What is being asked:
Give again, word for word, the lines below that run from the line with "105.4 Post Modern" through the line with "pretty bratz baddie, dark". Drop the pictures.

Supplied information:
::::::

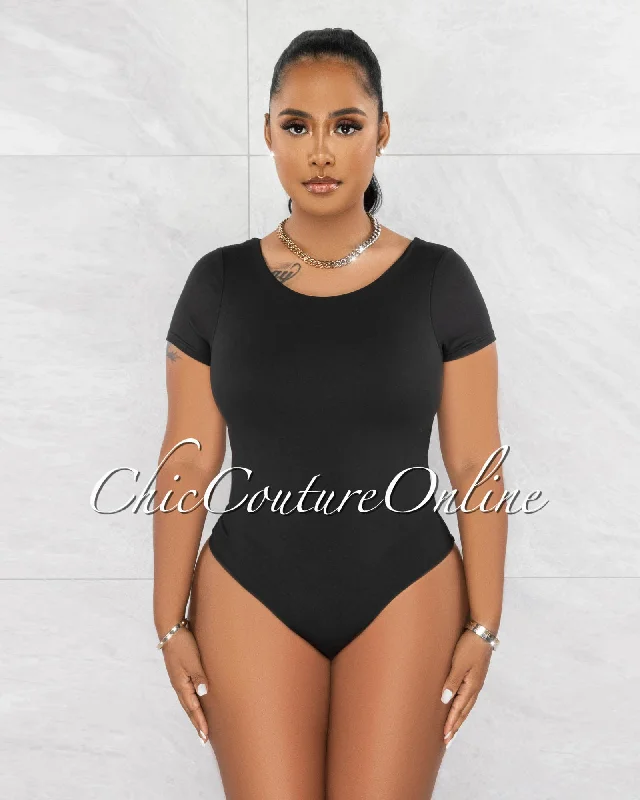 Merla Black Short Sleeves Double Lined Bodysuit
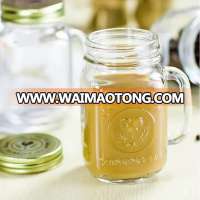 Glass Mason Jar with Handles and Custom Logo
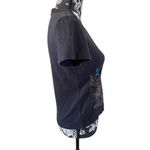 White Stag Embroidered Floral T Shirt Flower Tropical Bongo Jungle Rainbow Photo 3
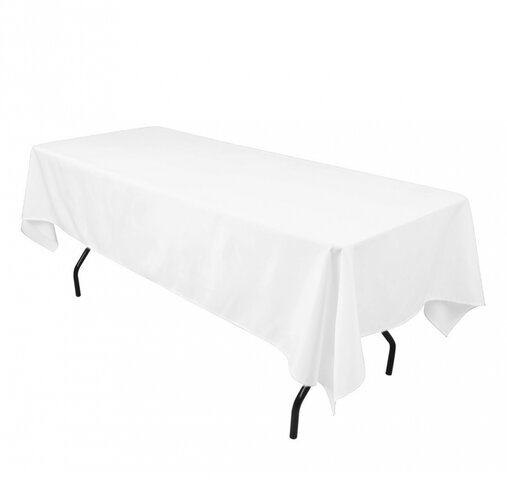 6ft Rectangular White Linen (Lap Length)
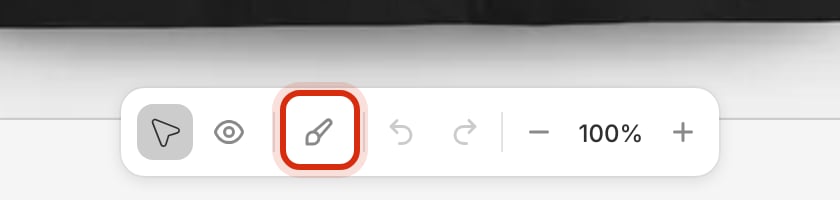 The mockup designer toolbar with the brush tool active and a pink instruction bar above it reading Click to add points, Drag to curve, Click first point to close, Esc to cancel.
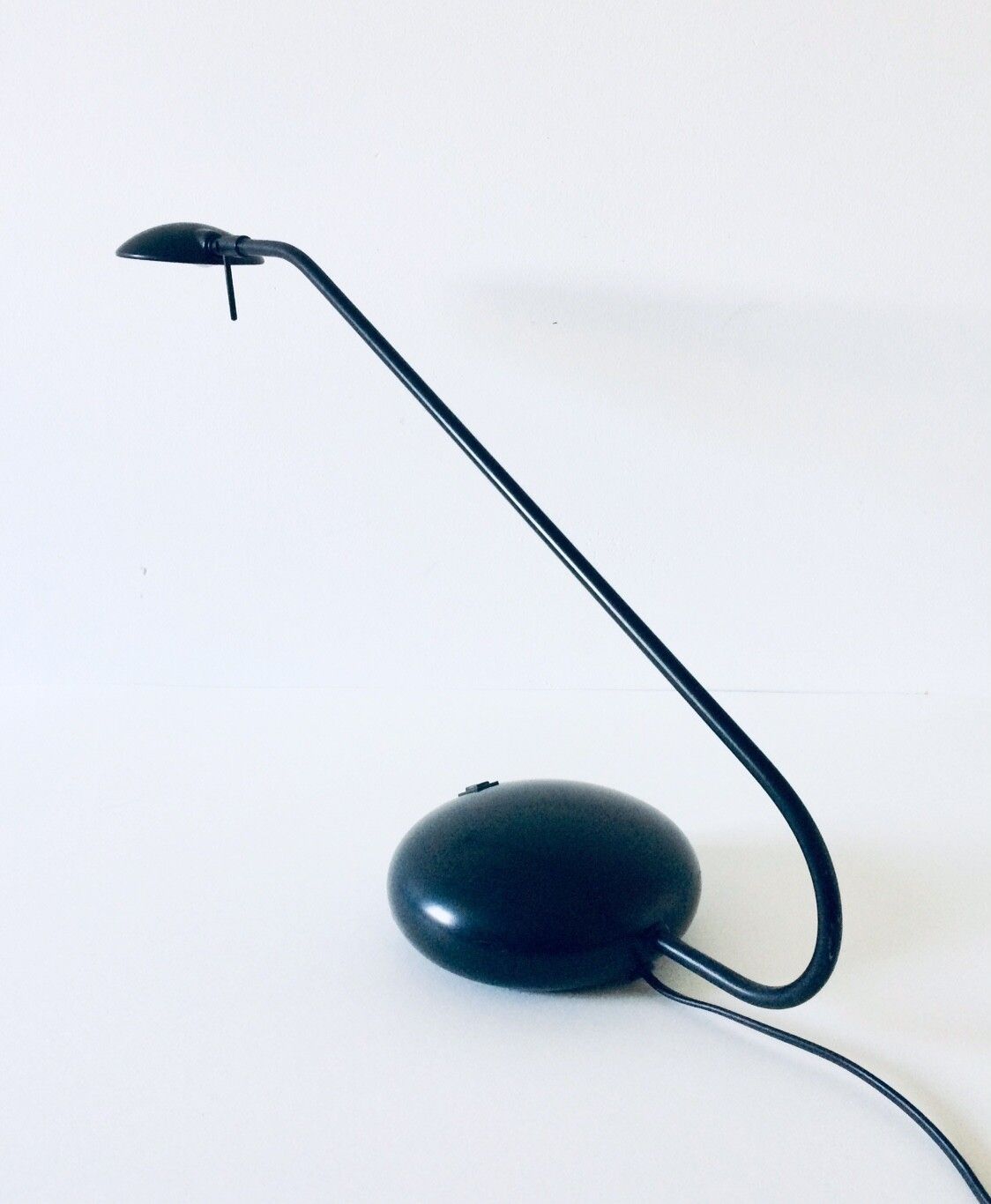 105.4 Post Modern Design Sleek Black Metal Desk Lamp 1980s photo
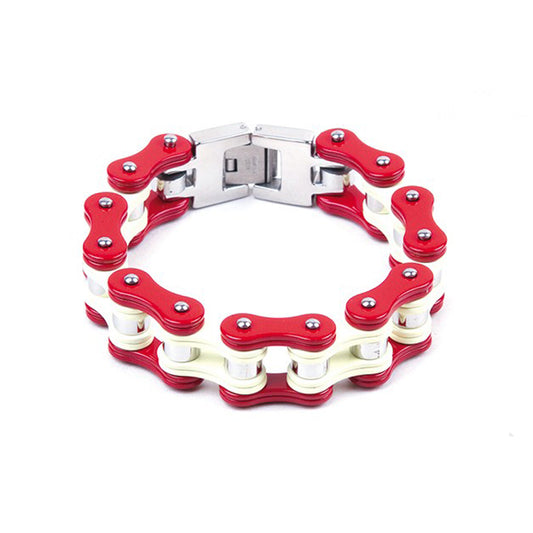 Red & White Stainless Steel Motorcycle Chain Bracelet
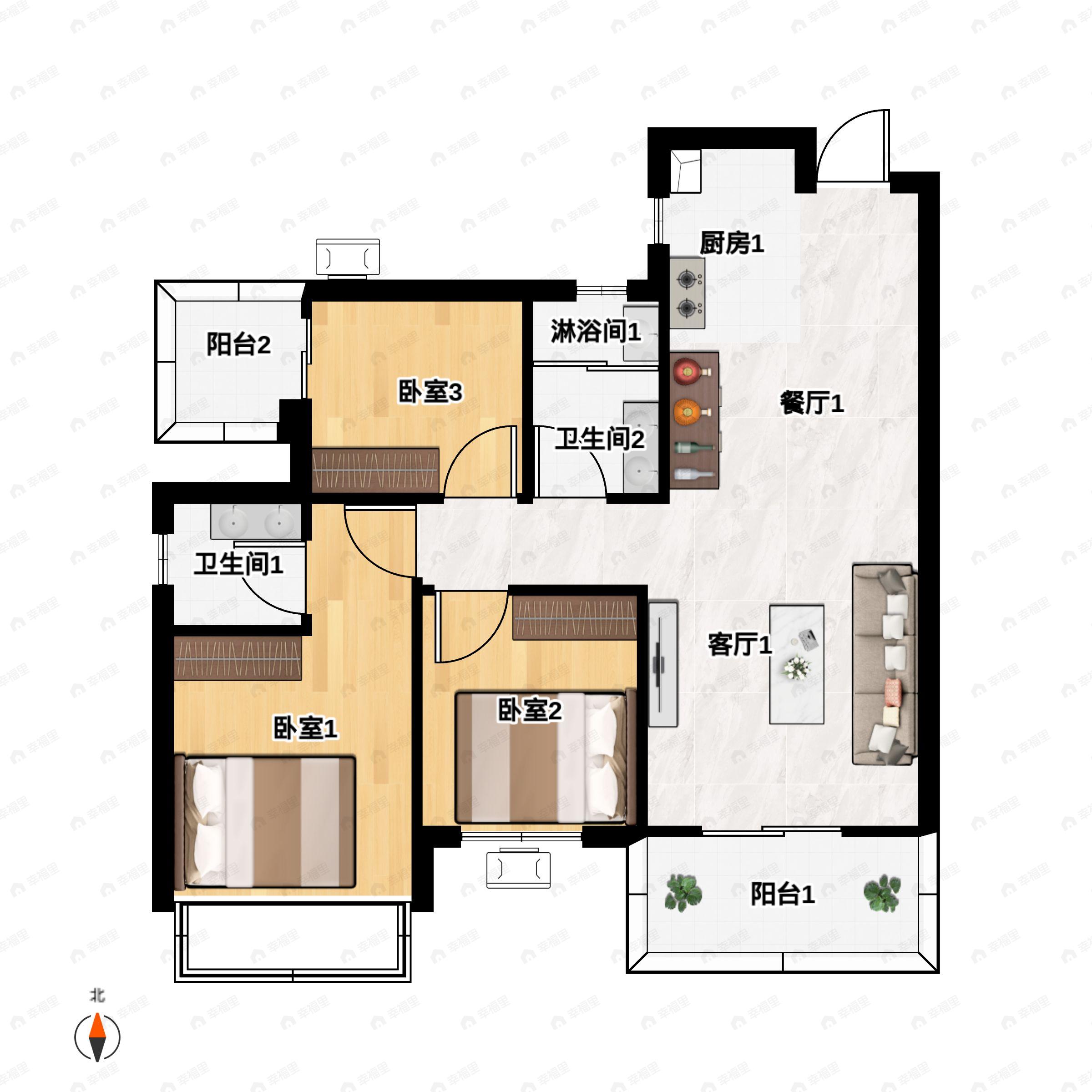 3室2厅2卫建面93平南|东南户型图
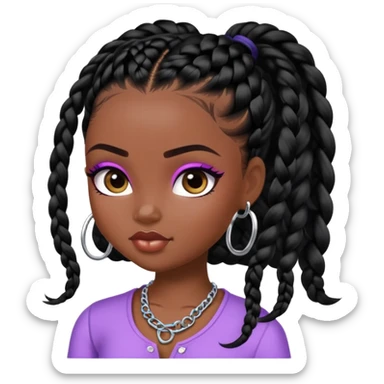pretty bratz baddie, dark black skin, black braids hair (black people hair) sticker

::::::

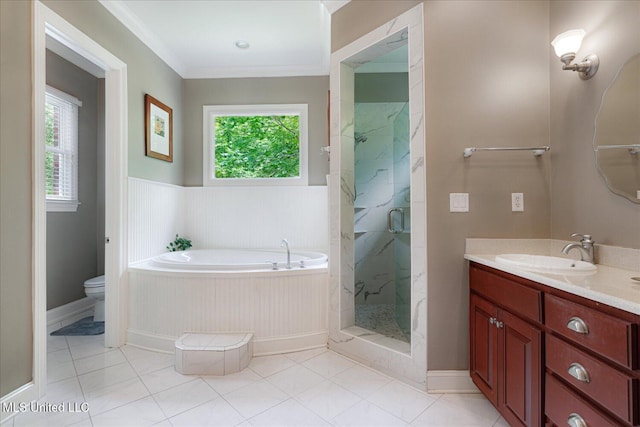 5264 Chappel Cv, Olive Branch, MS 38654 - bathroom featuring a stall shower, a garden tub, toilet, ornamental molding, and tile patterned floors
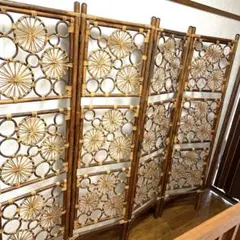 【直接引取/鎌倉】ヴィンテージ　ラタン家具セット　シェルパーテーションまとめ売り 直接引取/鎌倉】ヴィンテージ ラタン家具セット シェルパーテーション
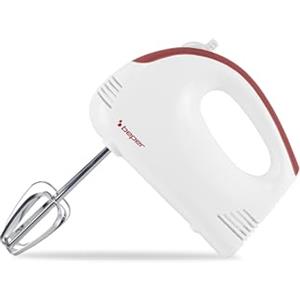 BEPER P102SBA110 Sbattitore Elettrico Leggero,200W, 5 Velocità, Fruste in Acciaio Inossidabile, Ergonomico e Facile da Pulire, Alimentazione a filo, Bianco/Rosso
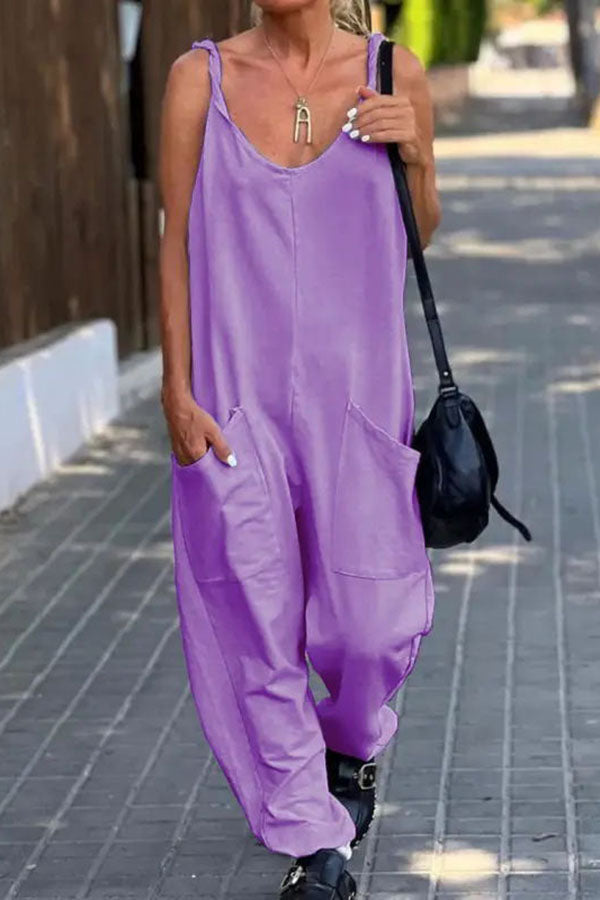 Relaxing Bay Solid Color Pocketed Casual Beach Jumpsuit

::::::

Solution:
 105.4 Post Modern Design Sleek Black Metal Desk Lamp 1980s photo
 Red & White Stainless Steel Motorcycle Chain Bracelet
 3室2厅2卫建面93平南|东南户型图
pretty bratz baddie, dark black skin, black braids hair (black people hair) sticker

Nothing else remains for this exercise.